Tara and India smiled at each other as the car made its way down the short stretch of palm-lined road to Stanford Hospital. If you could call deep worry manifesting as a lip stretch “smiling.” A little like how gas manifested as smiles in babies.

China had barely ever given a relationship the time of day. Even the family knew to give her space or she got crabby. Now she was joined at the hip with someone 24/7. And that someone had a life waiting for her almost six thousand miles away in an entirely different country.

“Maybe Song will figure out how to risk her career for China,” Tara said, stroking the thick silver braid slung across her shoulder.

India was all about trusting people to do the right thing, but she was not given to flights of fancy. Celebrities were ambitious and the ambitious always put their goals before everything else.

“China has the high forehead of the blessed. It signals that she’s going to find her soul mate.” Tara said that about India too, and about Sid. It was her motherly hope finding anchor in superstition.

When India didn’t respond, Tara patted her clasped hands. “Or maybe they’ll enjoy what they have for now and move on as richer people for having experienced love, even transiently.”

If it was transient, how could it be love? Nonetheless, Mom was right, every experience did make you richer. That’s what India told herself when she couldn’t get a relationship to last more than four or five dates. It always felt transient, and that wasn’t what India wanted.

She was pretty sure China wasn’t feeling transient with Song.

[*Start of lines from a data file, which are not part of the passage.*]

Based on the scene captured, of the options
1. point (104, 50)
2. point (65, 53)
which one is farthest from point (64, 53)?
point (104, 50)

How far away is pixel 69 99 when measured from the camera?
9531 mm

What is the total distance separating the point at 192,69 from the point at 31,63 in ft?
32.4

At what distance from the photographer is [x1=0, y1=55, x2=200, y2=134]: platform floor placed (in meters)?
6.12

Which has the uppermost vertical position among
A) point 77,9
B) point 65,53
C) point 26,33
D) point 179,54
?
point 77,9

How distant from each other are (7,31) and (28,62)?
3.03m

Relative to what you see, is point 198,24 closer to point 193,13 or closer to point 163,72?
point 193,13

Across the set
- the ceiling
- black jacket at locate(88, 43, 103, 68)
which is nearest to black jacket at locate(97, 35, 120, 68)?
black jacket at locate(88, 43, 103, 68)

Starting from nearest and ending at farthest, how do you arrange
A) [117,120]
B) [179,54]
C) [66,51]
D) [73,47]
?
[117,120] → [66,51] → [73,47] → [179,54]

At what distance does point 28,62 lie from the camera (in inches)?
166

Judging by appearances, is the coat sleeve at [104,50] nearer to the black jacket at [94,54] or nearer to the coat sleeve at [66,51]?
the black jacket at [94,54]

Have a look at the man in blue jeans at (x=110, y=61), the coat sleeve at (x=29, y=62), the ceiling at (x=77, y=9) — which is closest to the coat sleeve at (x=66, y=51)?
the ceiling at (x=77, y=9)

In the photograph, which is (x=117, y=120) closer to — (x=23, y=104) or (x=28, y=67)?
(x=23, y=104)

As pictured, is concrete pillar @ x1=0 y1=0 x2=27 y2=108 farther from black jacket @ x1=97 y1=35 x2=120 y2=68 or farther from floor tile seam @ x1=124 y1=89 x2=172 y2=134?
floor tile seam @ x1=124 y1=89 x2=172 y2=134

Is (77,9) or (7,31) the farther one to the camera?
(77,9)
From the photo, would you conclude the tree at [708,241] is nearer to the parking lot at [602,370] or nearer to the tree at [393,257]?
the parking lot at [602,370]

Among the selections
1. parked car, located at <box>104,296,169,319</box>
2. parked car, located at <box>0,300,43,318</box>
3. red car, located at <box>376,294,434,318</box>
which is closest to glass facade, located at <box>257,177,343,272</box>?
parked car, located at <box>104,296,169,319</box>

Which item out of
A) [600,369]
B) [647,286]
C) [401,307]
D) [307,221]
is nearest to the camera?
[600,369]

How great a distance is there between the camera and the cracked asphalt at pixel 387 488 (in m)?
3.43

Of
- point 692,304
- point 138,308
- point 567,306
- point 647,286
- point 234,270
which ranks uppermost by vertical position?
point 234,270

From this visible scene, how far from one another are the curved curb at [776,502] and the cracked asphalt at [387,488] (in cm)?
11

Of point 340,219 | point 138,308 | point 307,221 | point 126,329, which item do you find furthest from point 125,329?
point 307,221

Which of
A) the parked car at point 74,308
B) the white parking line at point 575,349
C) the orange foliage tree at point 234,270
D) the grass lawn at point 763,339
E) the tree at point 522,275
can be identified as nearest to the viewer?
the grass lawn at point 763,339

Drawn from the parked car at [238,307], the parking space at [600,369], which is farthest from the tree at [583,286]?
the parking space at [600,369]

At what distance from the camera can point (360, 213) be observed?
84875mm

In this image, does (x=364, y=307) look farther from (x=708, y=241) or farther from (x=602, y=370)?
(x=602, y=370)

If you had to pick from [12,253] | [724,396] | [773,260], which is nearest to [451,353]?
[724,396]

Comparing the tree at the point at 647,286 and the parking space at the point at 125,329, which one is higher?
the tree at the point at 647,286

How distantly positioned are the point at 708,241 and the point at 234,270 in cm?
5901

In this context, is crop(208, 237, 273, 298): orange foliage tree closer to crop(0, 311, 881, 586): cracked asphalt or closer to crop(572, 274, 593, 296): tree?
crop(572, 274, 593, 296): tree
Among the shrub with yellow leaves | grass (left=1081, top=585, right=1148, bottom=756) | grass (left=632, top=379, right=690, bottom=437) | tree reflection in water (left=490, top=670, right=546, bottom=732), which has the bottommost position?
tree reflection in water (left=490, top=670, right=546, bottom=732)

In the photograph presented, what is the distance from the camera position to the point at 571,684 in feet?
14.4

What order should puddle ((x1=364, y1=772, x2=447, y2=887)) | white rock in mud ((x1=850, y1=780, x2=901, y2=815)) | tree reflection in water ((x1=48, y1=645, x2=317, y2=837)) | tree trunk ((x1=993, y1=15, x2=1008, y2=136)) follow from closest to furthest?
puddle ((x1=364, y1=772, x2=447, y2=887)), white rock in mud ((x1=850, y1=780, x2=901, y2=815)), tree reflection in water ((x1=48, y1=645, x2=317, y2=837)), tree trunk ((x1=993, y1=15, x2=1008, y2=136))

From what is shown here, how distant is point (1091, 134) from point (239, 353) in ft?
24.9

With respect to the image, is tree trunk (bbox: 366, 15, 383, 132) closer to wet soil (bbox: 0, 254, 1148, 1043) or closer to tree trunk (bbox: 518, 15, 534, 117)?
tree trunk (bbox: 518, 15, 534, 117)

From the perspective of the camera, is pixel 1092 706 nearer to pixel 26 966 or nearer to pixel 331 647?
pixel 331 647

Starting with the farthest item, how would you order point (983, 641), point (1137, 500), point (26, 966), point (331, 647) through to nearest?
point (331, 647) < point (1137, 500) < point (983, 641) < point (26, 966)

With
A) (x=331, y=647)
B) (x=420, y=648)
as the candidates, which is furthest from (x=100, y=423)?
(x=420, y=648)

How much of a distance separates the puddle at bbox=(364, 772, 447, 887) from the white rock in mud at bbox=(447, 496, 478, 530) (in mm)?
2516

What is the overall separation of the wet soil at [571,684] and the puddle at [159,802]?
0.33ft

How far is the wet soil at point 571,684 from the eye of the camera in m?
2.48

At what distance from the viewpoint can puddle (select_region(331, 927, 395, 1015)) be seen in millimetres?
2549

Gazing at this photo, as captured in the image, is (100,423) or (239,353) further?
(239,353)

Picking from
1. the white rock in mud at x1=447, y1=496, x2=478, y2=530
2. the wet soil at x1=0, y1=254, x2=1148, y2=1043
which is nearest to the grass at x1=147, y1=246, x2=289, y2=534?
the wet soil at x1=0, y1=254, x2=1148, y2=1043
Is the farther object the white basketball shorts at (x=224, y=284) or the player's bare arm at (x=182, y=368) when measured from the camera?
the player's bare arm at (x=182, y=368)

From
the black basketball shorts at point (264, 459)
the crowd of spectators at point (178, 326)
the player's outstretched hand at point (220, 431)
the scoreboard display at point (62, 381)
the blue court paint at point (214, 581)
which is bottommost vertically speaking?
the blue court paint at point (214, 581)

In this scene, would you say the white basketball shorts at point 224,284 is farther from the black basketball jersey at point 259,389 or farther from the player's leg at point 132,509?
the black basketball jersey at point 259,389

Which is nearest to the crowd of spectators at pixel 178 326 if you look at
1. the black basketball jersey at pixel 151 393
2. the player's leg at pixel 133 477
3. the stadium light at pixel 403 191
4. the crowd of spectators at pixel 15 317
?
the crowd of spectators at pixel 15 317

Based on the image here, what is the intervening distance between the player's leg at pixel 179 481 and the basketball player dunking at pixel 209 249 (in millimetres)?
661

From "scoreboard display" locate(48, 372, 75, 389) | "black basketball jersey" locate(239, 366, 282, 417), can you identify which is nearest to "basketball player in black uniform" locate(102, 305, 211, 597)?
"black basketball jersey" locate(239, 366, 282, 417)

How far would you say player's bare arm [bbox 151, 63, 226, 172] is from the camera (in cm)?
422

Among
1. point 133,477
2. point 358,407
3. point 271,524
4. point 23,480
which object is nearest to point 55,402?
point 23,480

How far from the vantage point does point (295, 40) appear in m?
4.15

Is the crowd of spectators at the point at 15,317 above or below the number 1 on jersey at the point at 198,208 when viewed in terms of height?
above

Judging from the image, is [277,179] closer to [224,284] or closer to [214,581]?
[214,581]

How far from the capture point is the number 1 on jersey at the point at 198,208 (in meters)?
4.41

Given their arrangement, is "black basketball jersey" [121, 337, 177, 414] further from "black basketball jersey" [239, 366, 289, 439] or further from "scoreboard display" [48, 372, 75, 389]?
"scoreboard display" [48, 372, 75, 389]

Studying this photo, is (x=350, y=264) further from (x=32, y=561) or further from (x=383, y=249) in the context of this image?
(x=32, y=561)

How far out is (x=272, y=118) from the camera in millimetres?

“China has three friends,” India said. “She still drives the first car she bought straight out of college. She sleeps with the quilt she slept with as a child, in the bed she slept in as a child. She’s changed jobs once, and you know how hard that was for her.” Her sister was not given to moving on. She had never moved on from anything in her life. To her, love and loyalty were absolute.

When they made their way to the consultation room, China was already there, Song by her side. As soon as she saw Tara, she ran to her and wrapped her in a hug. “Mom! You look terrible. Why didn’t you tell me it was so bad?”